*** Opening Task inputs ***
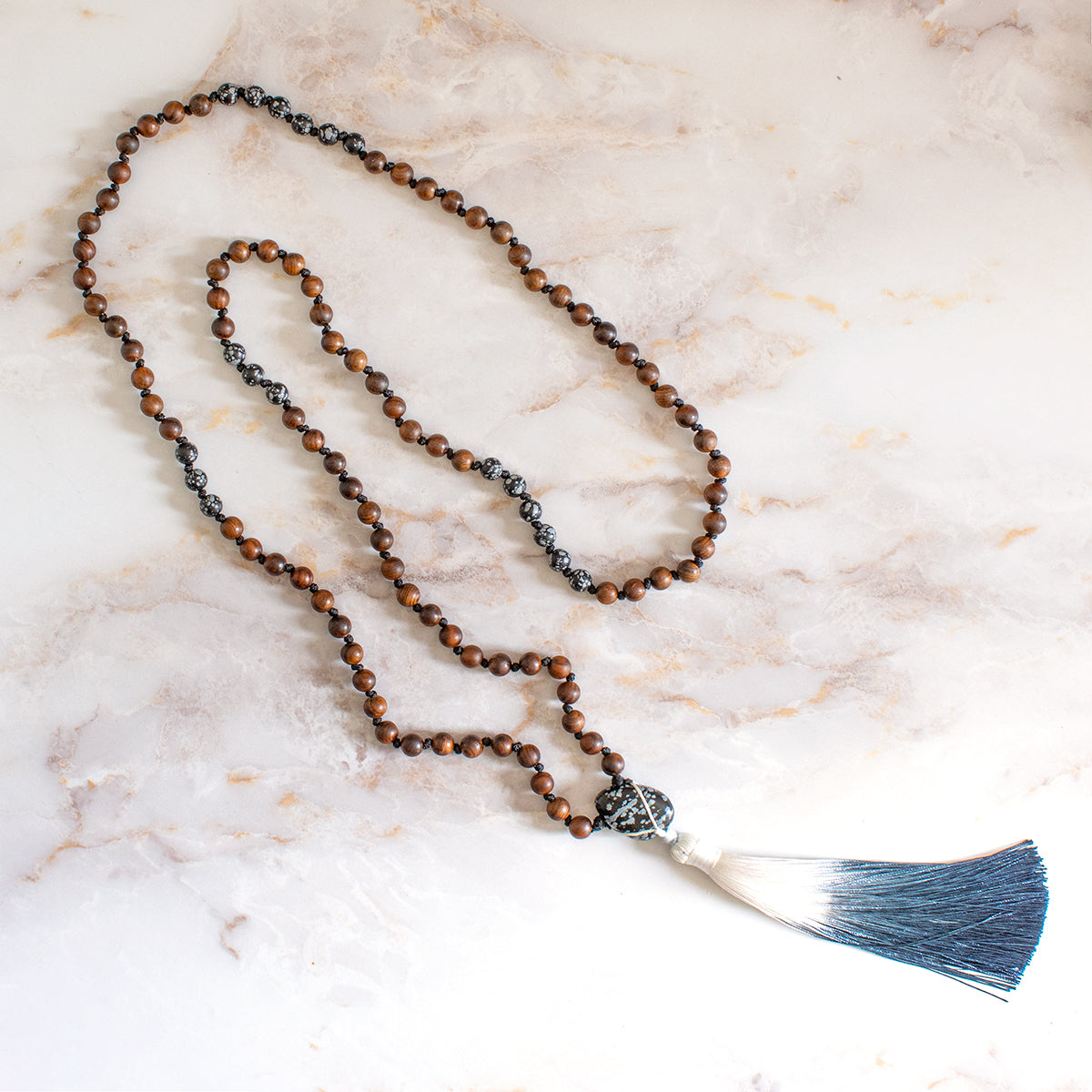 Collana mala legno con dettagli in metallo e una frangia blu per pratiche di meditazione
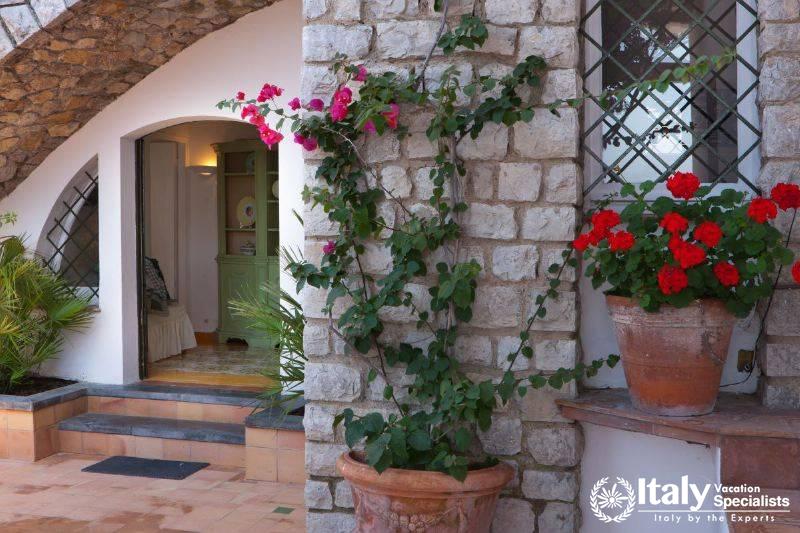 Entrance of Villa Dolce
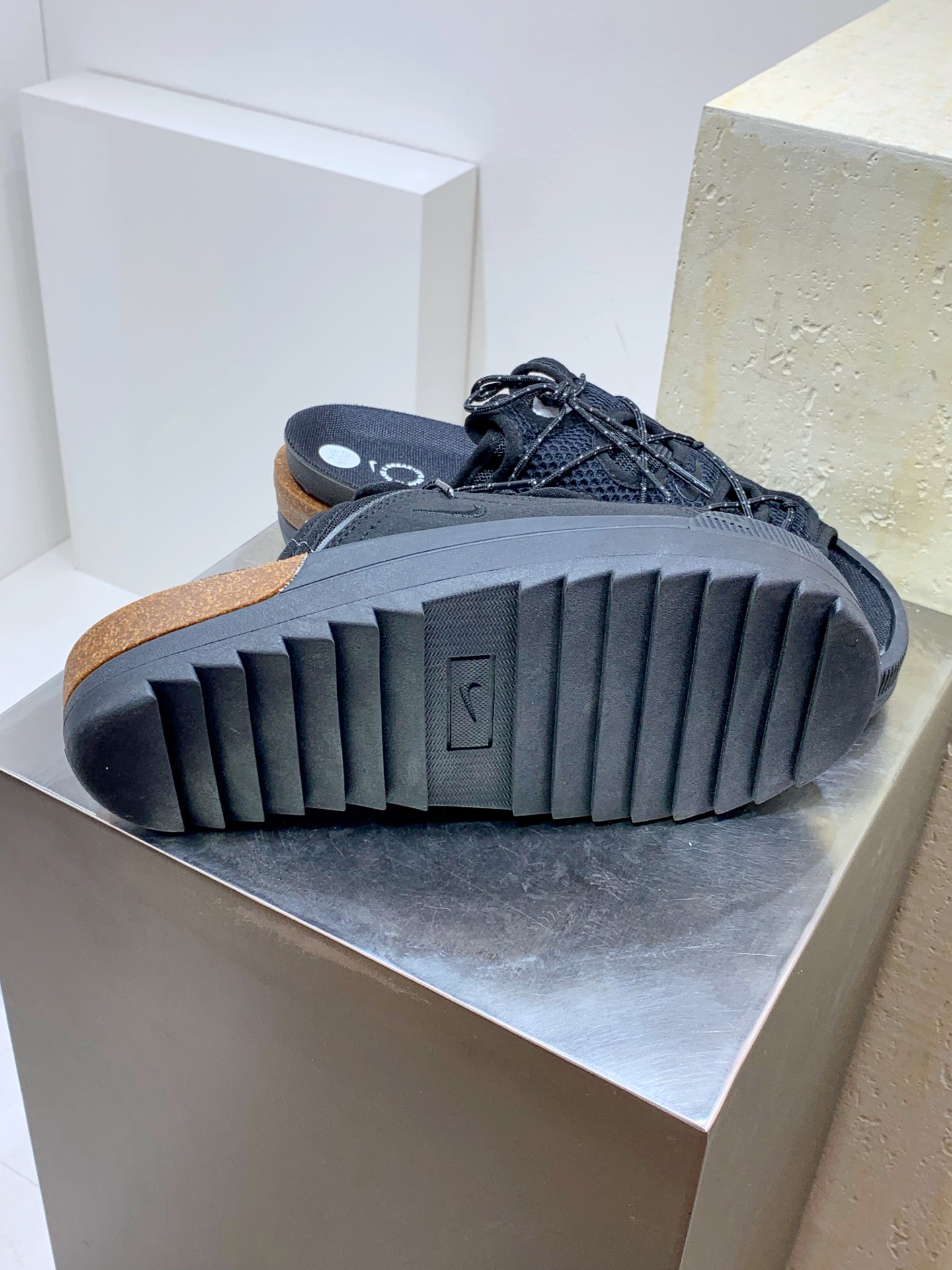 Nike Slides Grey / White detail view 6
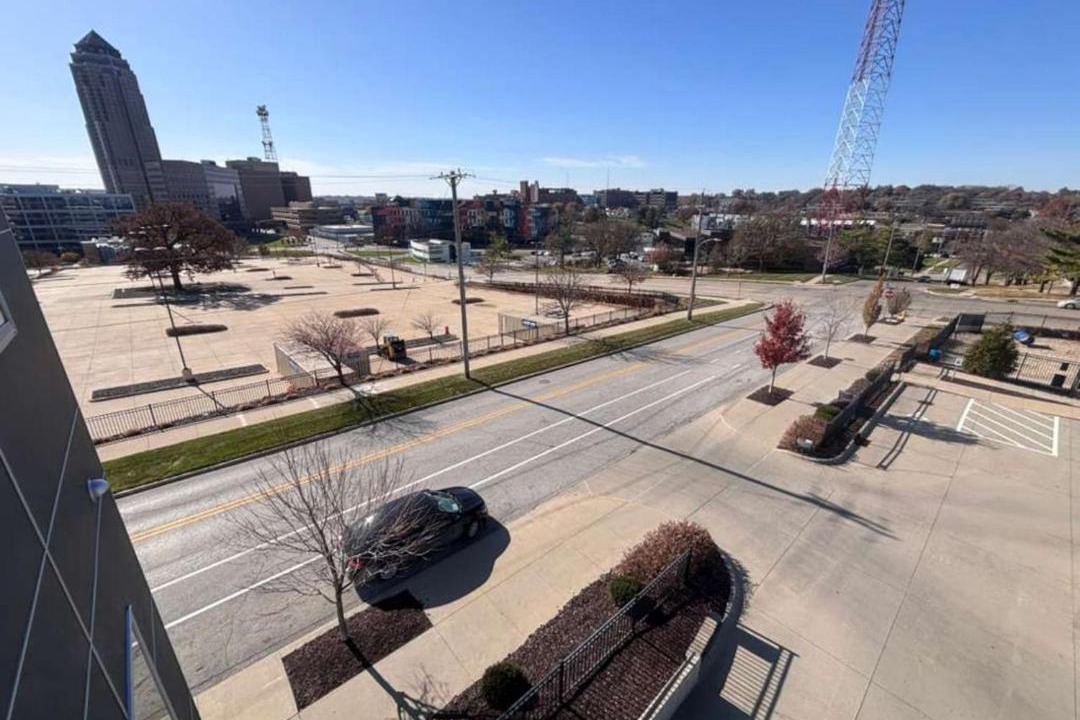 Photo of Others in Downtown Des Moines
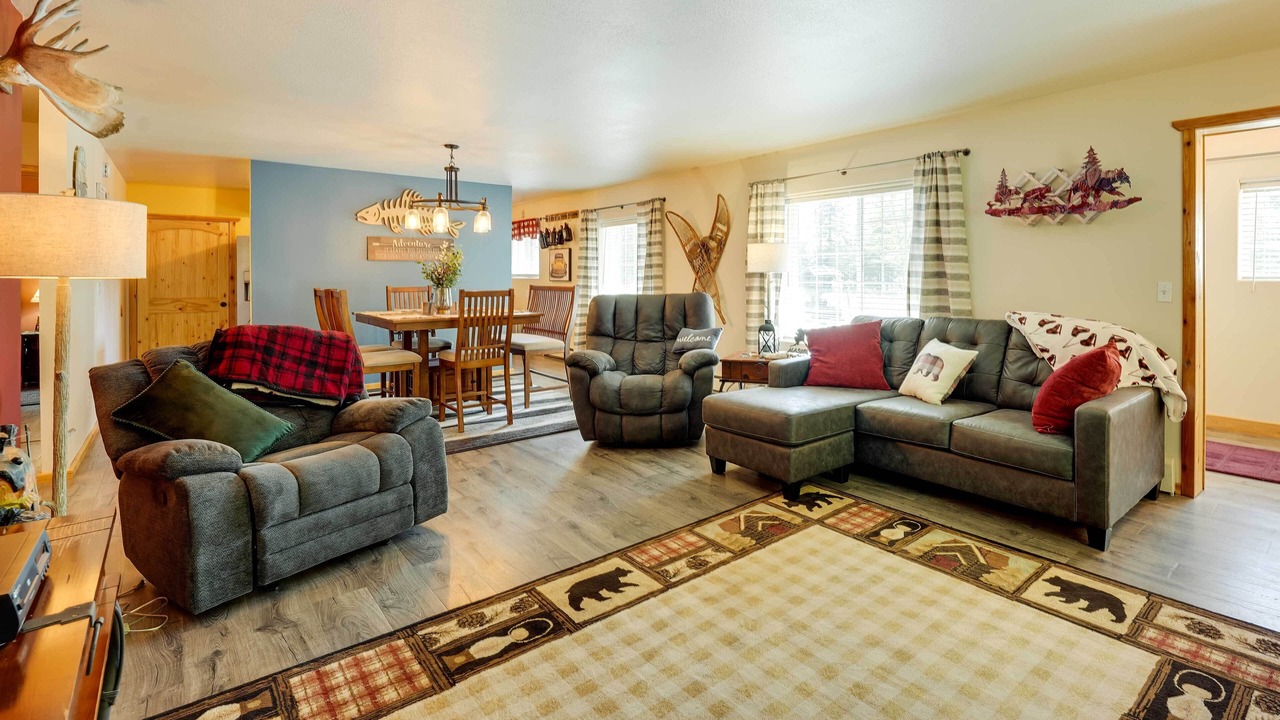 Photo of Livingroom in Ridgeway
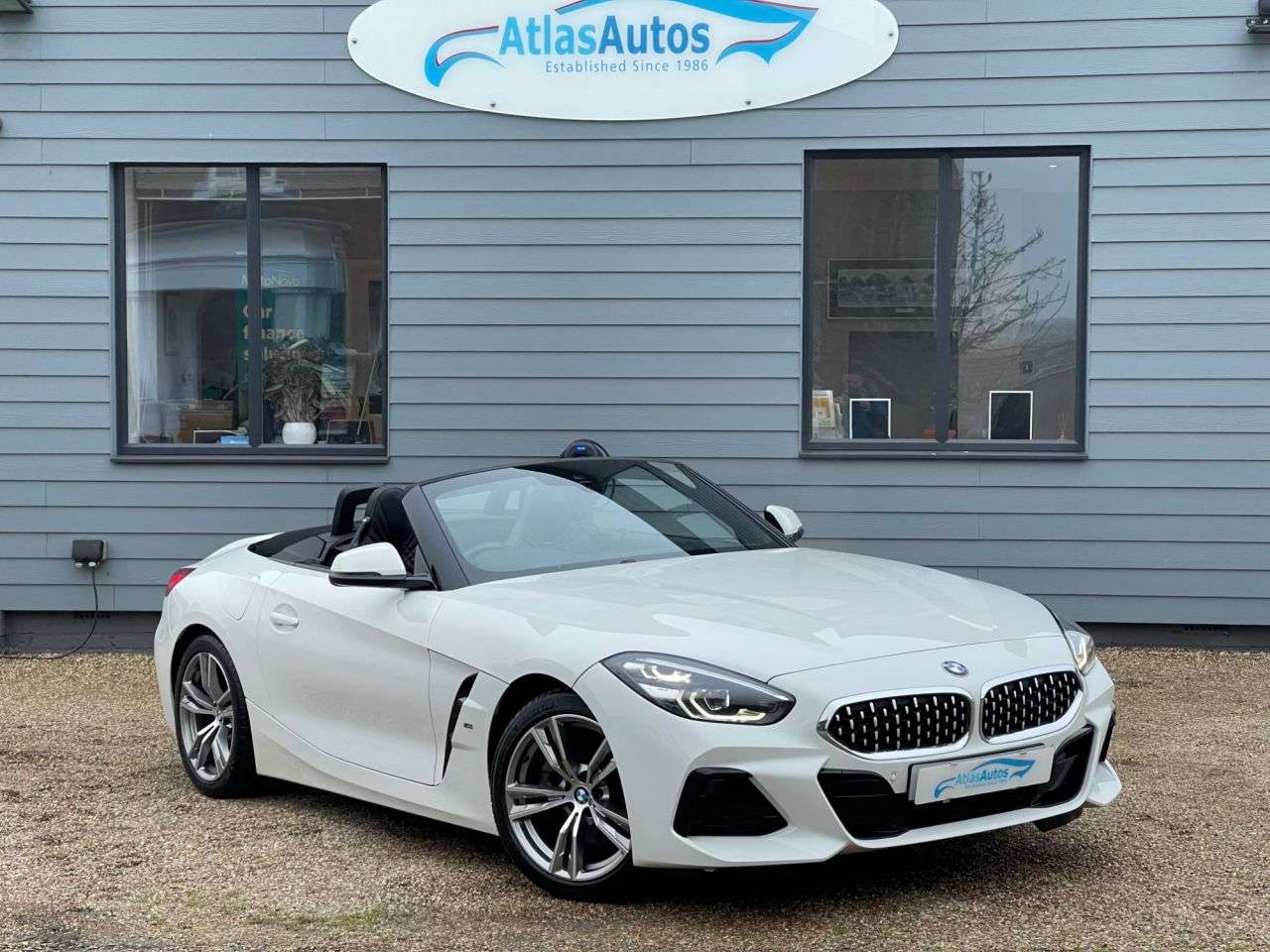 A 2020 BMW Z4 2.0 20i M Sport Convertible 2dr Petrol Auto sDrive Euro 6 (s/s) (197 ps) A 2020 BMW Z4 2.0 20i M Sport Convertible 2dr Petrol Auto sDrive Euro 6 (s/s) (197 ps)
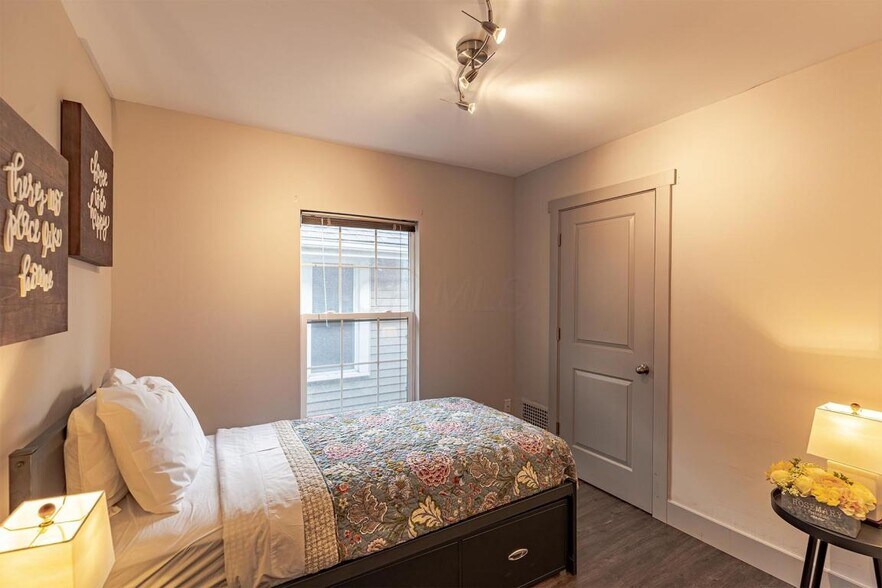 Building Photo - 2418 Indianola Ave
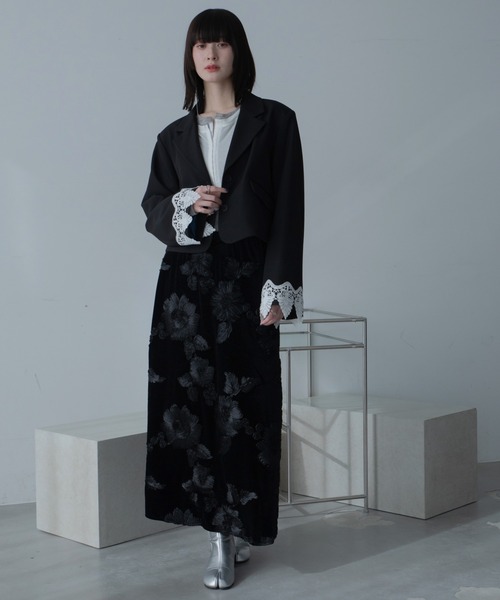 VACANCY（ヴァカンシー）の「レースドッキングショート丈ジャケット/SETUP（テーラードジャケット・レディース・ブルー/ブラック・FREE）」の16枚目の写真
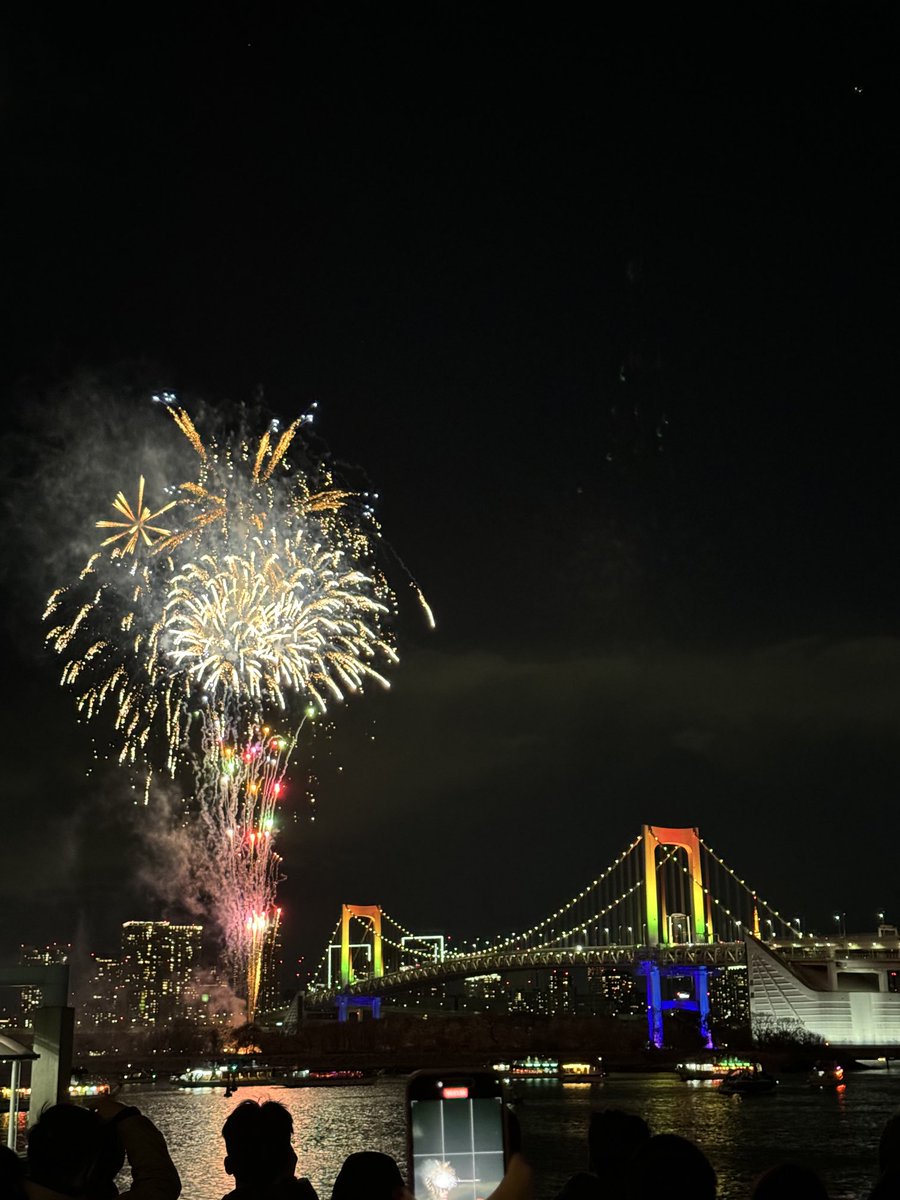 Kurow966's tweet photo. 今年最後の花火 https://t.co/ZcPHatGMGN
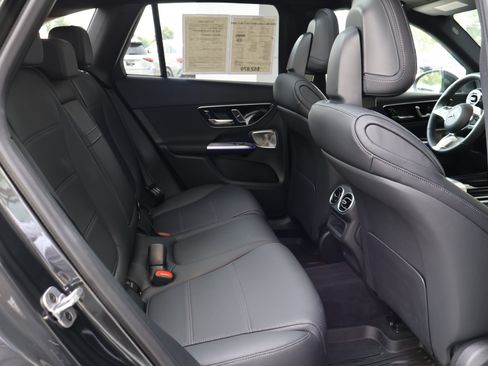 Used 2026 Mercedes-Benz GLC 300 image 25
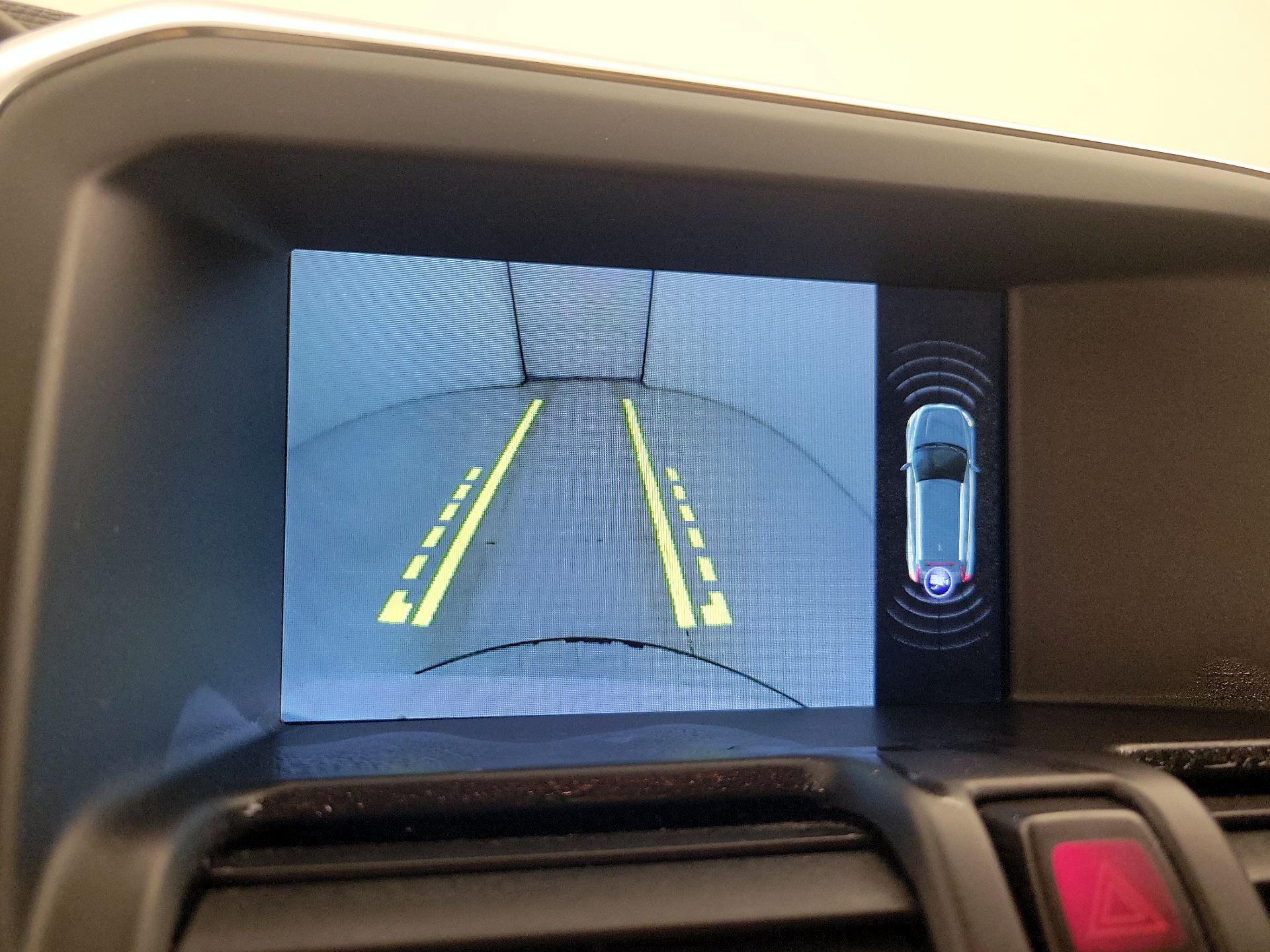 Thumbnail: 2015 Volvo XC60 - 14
*** Closing Task inputs ***
* **Task requirements**: Strip out the images, then output the records above word for word.

* **Answer section**:
 Collana mala legno con dettagli in metallo e una frangia blu per pratiche di meditazione
 Entrance of Villa Dolce
 Nike Slides Grey / White detail view 6
 Photo of Others in Downtown Des Moines
 Photo of Livingroom in Ridgeway
 A 2020 BMW Z4 2.0 20i M Sport Convertible 2dr Petrol Auto sDrive Euro 6 (s/s) (197 ps) A 2020 BMW Z4 2.0 20i M Sport Convertible 2dr Petrol Auto sDrive Euro 6 (s/s) (197 ps)
 Building Photo - 2418 Indianola Ave
 VACANCY（ヴァカンシー）の「レースドッキングショート丈ジャケット/SETUP（テーラードジャケット・レディース・ブルー/ブラック・FREE）」の16枚目の写真
 Kurow966's tweet photo. 今年最後の花火 https://t.co/ZcPHatGMGN
 Used 2026 Mercedes-Benz GLC 300 image 25
 Thumbnail: 2015 Volvo XC60 - 14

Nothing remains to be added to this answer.